At its core, the policy encourages Asian powers to get rich by participating in the most open trading system in the history of the world. In exchange for commitments to abide by that system's rules, countries such as India, Vietnam, Indonesia and China would have the opportunity to industrialize and to help shape the future of the global economy.
To some, this might appear like reckless philanthropy. Why should the U.S. facilitate the rise of powers that might one day become dangerous rivals? There are two underlying calculations.
The first is that countries busy getting rich are unlikely to seek to overturn an international system that facilitates their prosperity. This was the case with both Germany and Japan after World War II, and the U.S. hopes the same will be true for India and China.
The second calculation is that as countries deepen their participation in the global system, they become increasingly dependent on it. Hitler and Tojo learned the hard way what it meant to fight major wars without secure access to the resources and capital required.

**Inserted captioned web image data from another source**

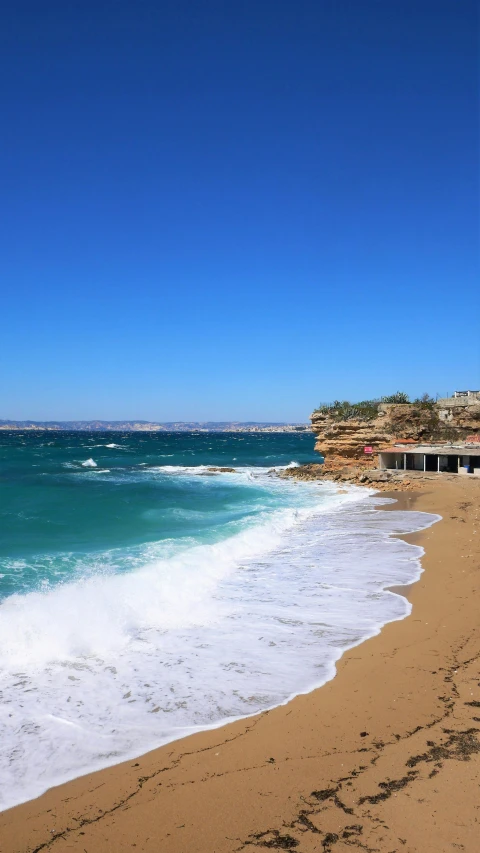 an empty beach has white water and blue sky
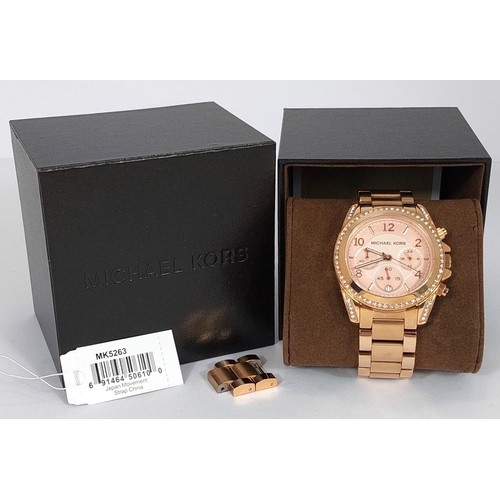 730 - A Michael Kors Blair Chronograph watch, rose gold colour with diamante bezel, original box, no MK526... 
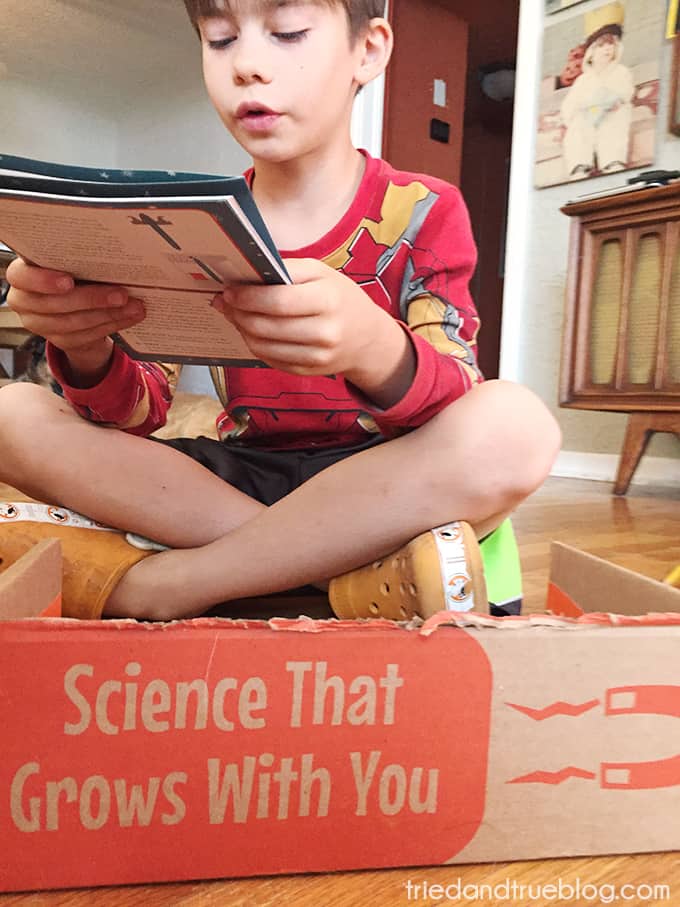 Child reading manual from the  Groovy Lab In A Box STEM subscription boxes.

The more China trades in world markets, then, the more hostages it places in American hands. China's domestic economy, overseas investments, energy resources and raw material supplies-and, therefore, its political stability-all depend on its continued access to the world's sea lanes.
Moreover, the U.S. faces something different in Asia than the "inexorable rise of China" described by so many analysts. Consider a historical analogy. Germany in 1910 was a single rising power in a neighborhood of decline populated by France, Austria-Hungary, Russia and the Ottoman Empire. That was an inherently unstable balance of power. In Asia today, China is not a single rising power in a continent of decline.
Japan may not be going from strength to strength, but India, Vietnam, South Korea and many of their neighbors are industrializing and growing rapidly thanks to their participation in the global system. U.S. policy in Asia is built on the understanding that investing in this new balance of power can reduce any challenge a stronger China might otherwise pose.